The whole listing is to be given again without alteration, except that its pictures are dropped.

▶ Input data:

▶

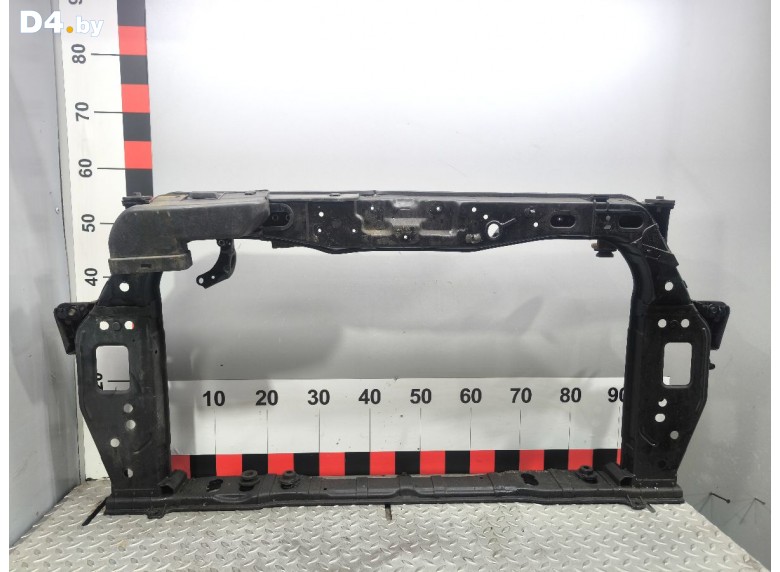 Накладка панели крепления облицовки (телевизора) к Kia Rio undefined г.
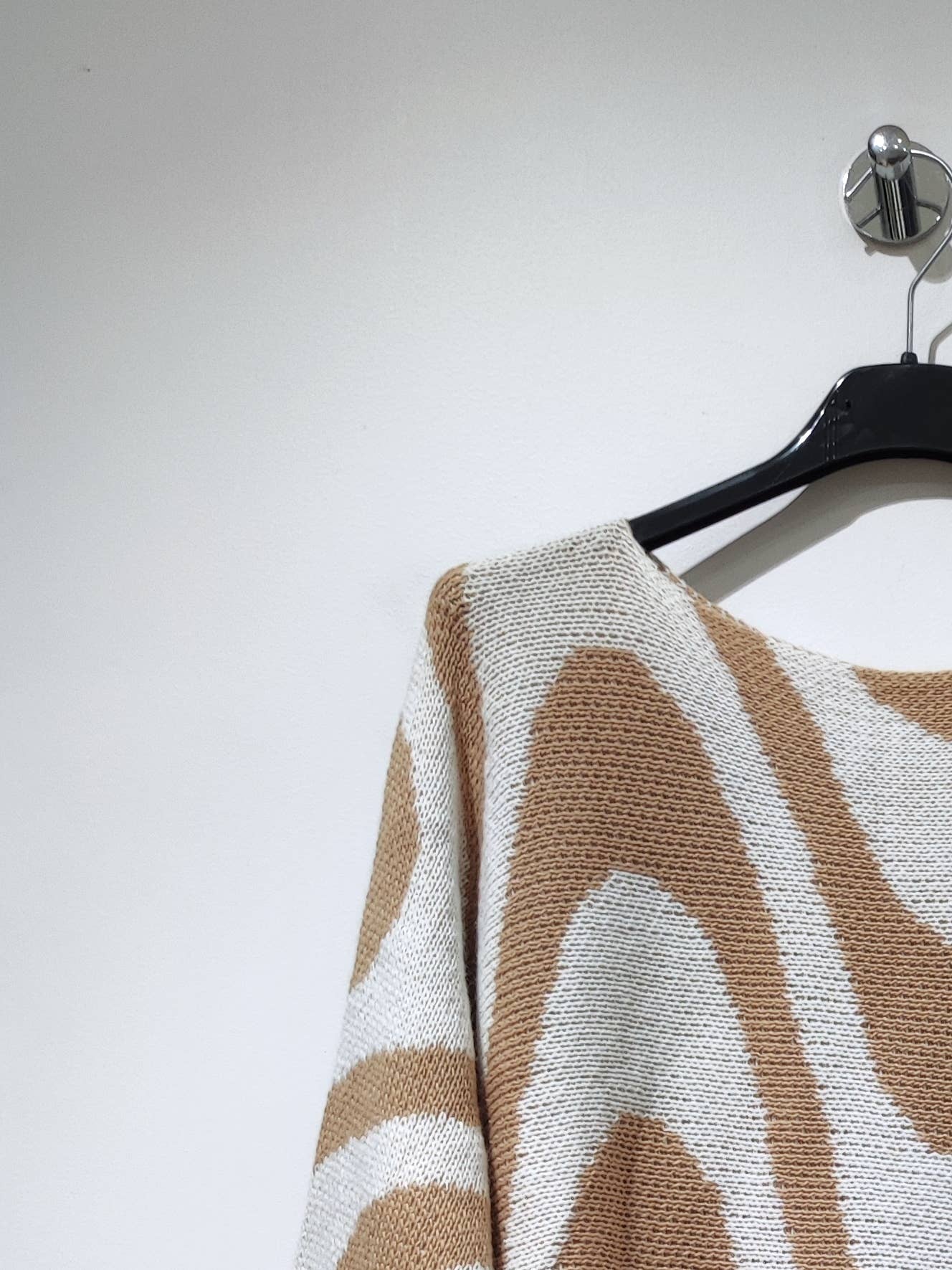 Pomelo paris – Pulôver - Mulher por atacado – roma Pull Ondas - Pack 12 PCS10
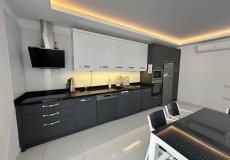 2+1 penthouse for sale, 170 m2, 700m from the sea in Kargicak, Alanya, Turkey № 8973 – photo 19
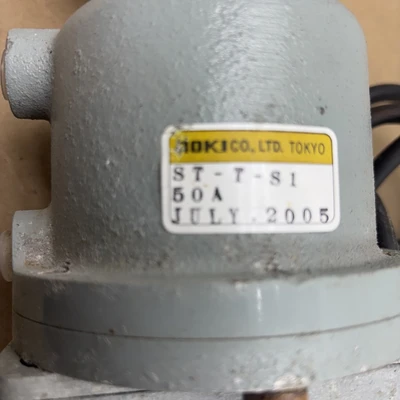 USED Aoki ST-T-S1 50A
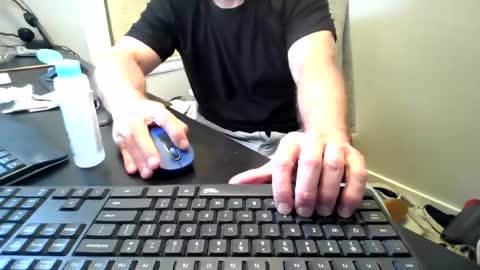 hoverday online show from July 6, 4:26 am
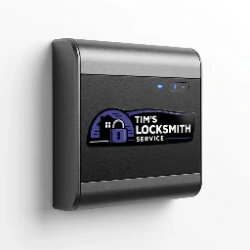 BLE Mobile Credentials (Bluetooth)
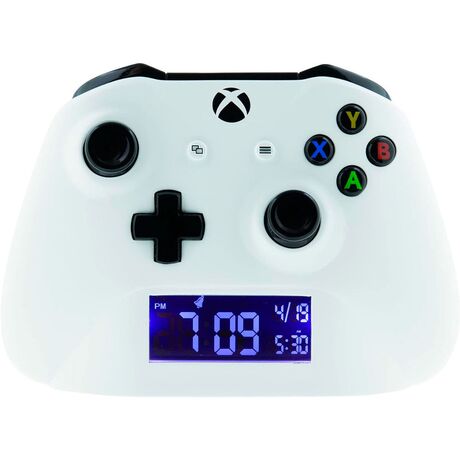 Paladone - Joypad X-BOX Table Clock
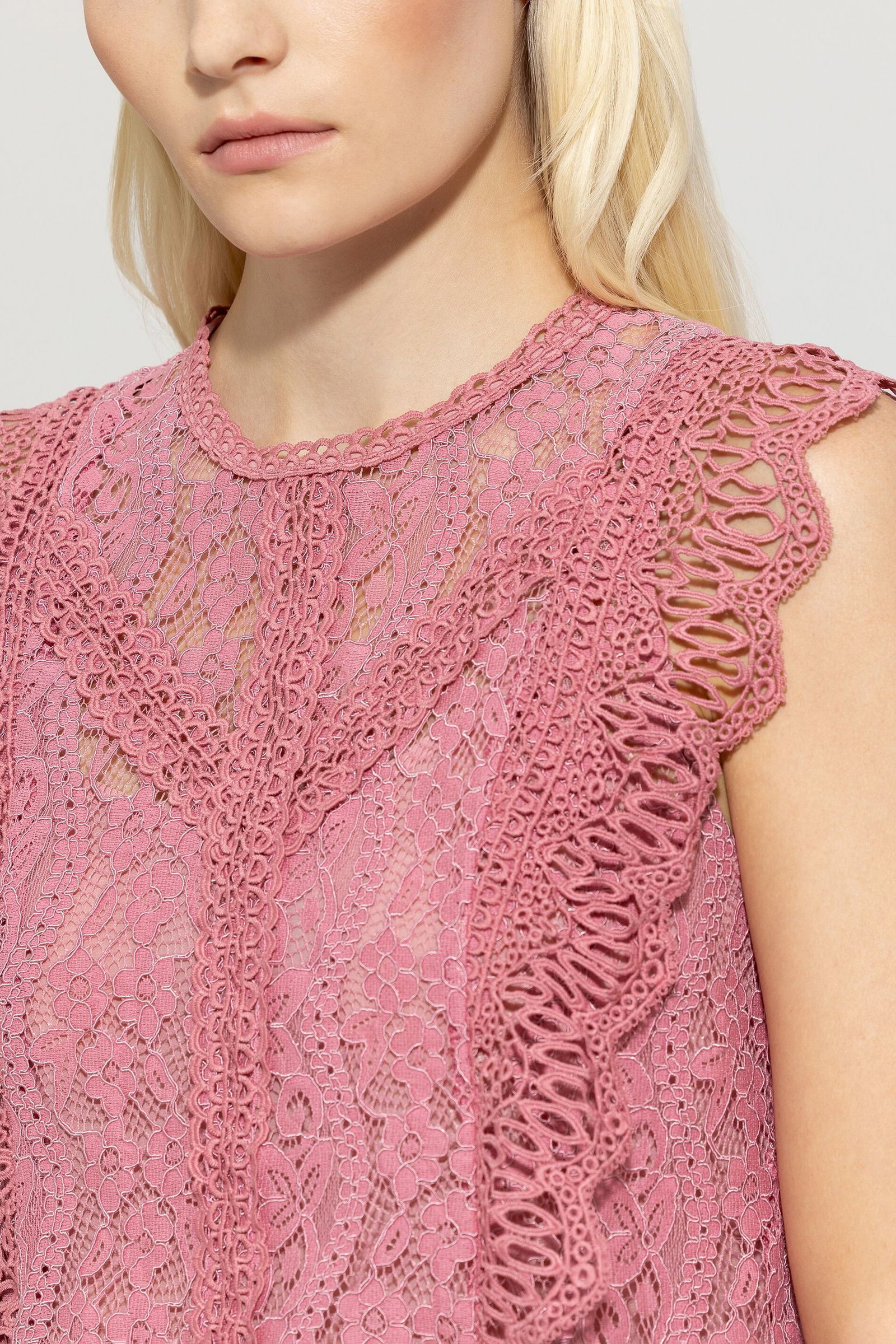 c0bbe55bb7a695cf620757b002ada2eb Luisa Cerano | Luisa Cerano Druckbluse | 36 | 1952_446
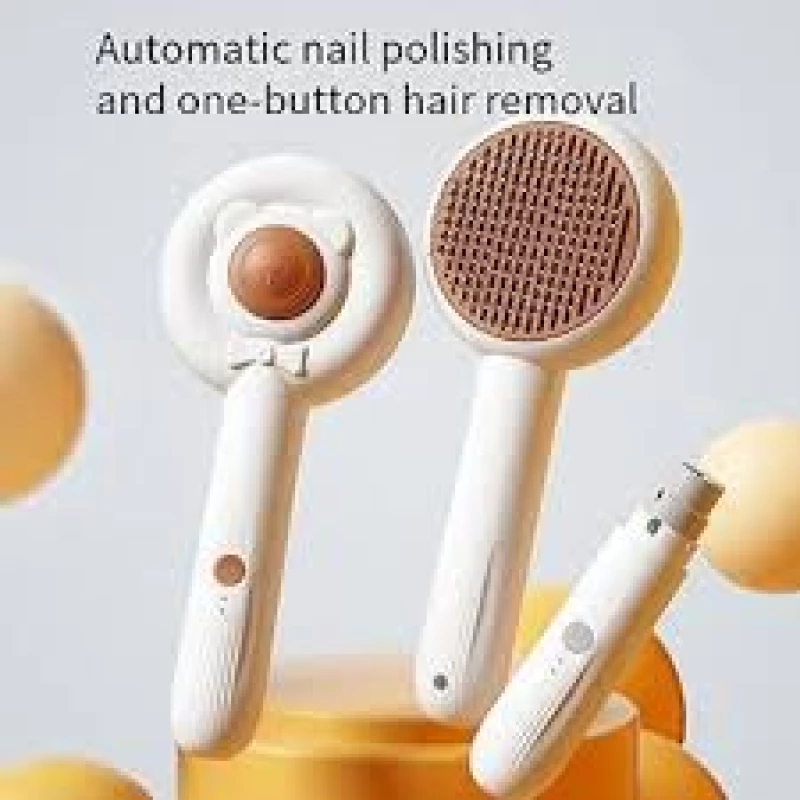 brosse-avec-coupe-griffes-electrique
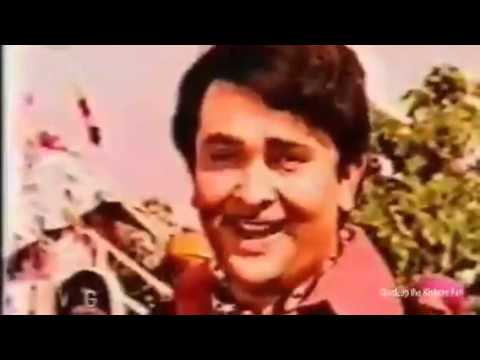 Tere Bina Main -Jaanejaan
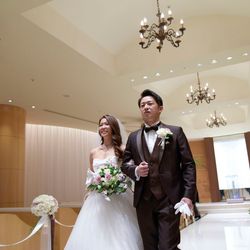 ANAクラウンプラザホテルグランコート名古屋の写真6枚目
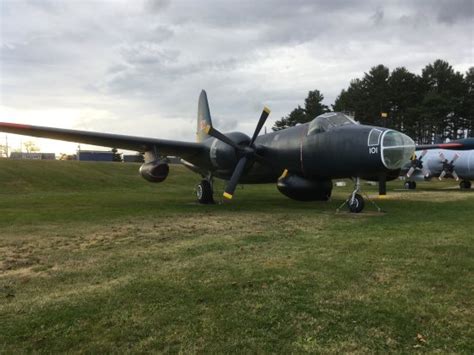 Greenwood Military Aviation Museum (Kingston) - All You Need to Know ...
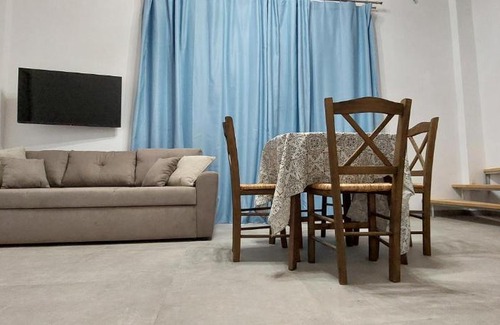 Ipsos Apartment | Aenaon Corfu Apartments #06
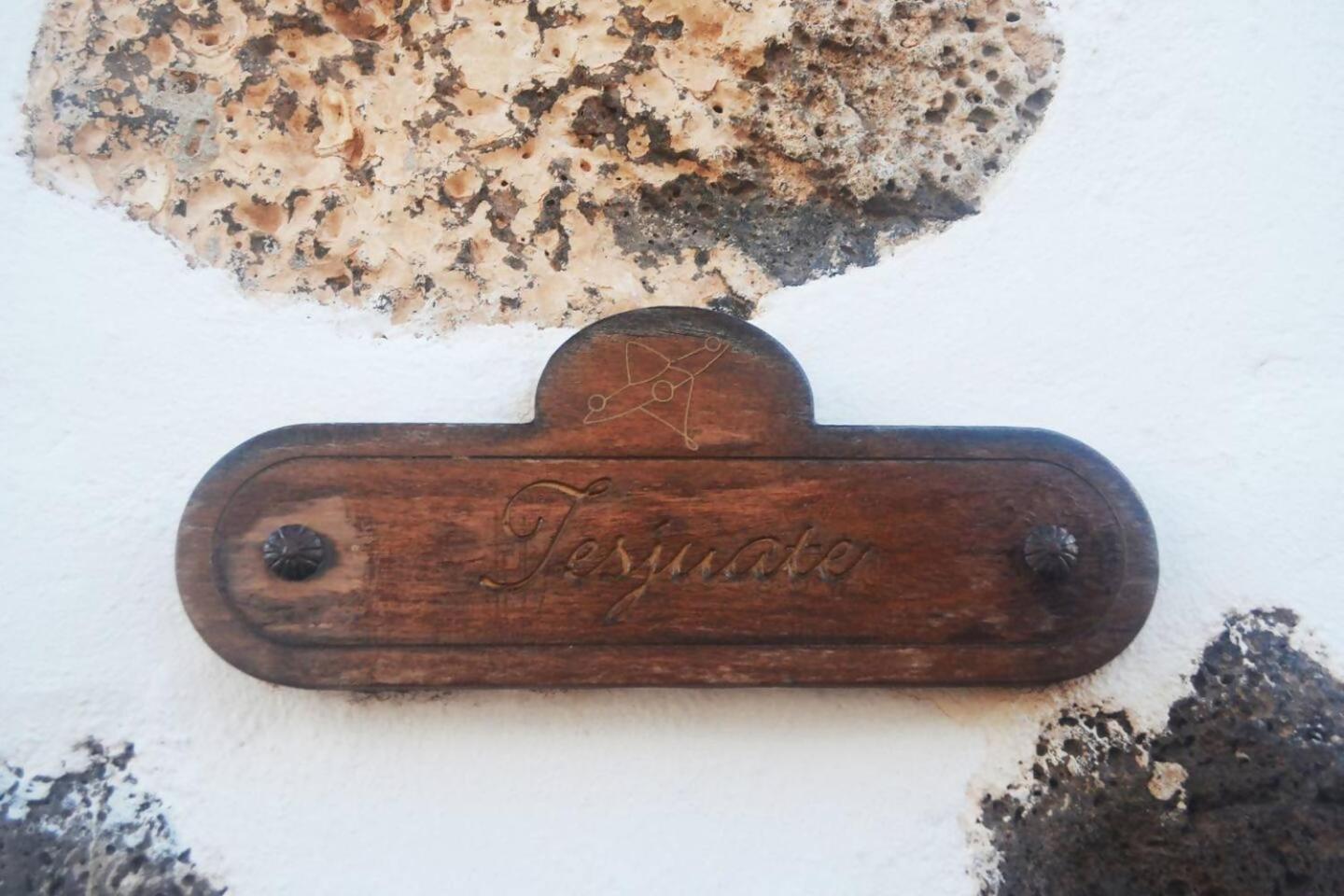 Rural Rugama Villa Puerto del Rosario  Dış mekan fotoğraf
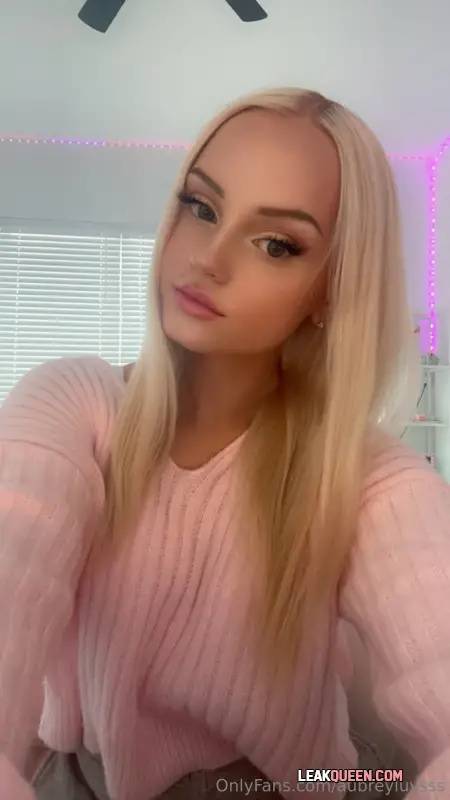 Aubreyluvsss / aubreyluvsss Nude Leaks OnlyFans - TheFap - #1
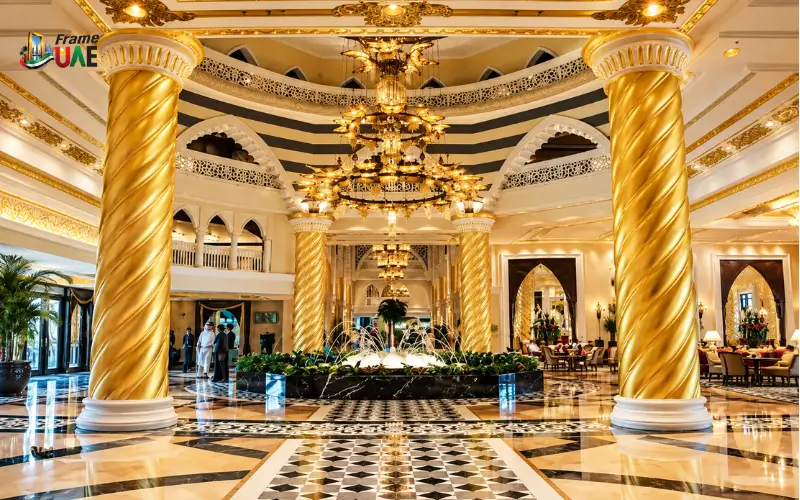 Zabeel Palace
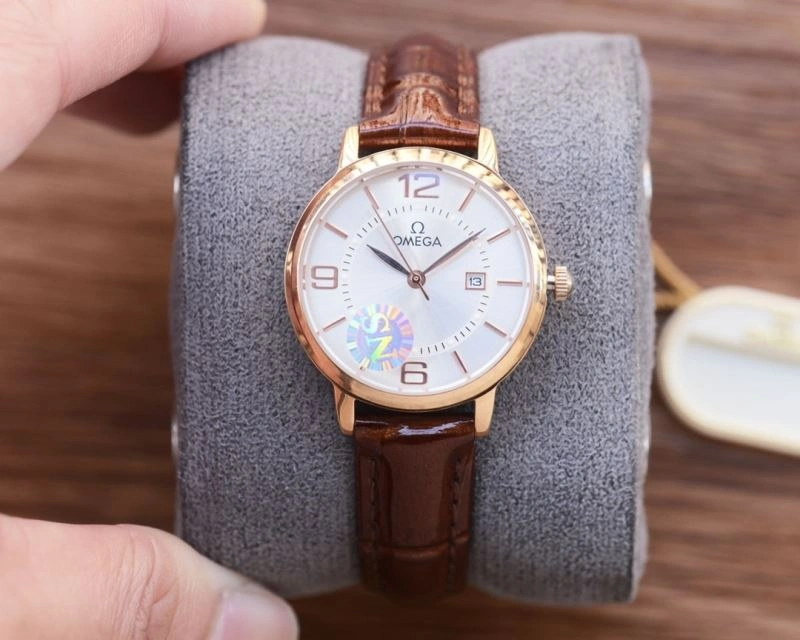 OMEGA Watches Affordable 190655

◀

▶ Worked solution:
 Накладка панели крепления облицовки (телевизора) к Kia Rio undefined г.
 Pomelo paris – Pulôver - Mulher por atacado – roma Pull Ondas - Pack 12 PCS10
 2+1 penthouse for sale, 170 m2, 700m from the sea in Kargicak, Alanya, Turkey № 8973 – photo 19
 USED Aoki ST-T-S1 50A
 hoverday online show from July 6, 4:26 am
 BLE Mobile Credentials (Bluetooth)
 Paladone - Joypad X-BOX Table Clock
 c0bbe55bb7a695cf620757b002ada2eb Luisa Cerano | Luisa Cerano Druckbluse | 36 | 1952_446
 brosse-avec-coupe-griffes-electrique
 Tere Bina Main -Jaanejaan
 ANAクラウンプラザホテルグランコート名古屋の写真6枚目
 Greenwood Military Aviation Museum (Kingston) - All You Need to Know ...
 Ipsos Apartment | Aenaon Corfu Apartments #06
 Rural Rugama Villa Puerto del Rosario  Dış mekan fotoğraf
 Aubreyluvsss / aubreyluvsss Nude Leaks OnlyFans - TheFap - #1
 Zabeel Palace
 OMEGA Watches Affordable 190655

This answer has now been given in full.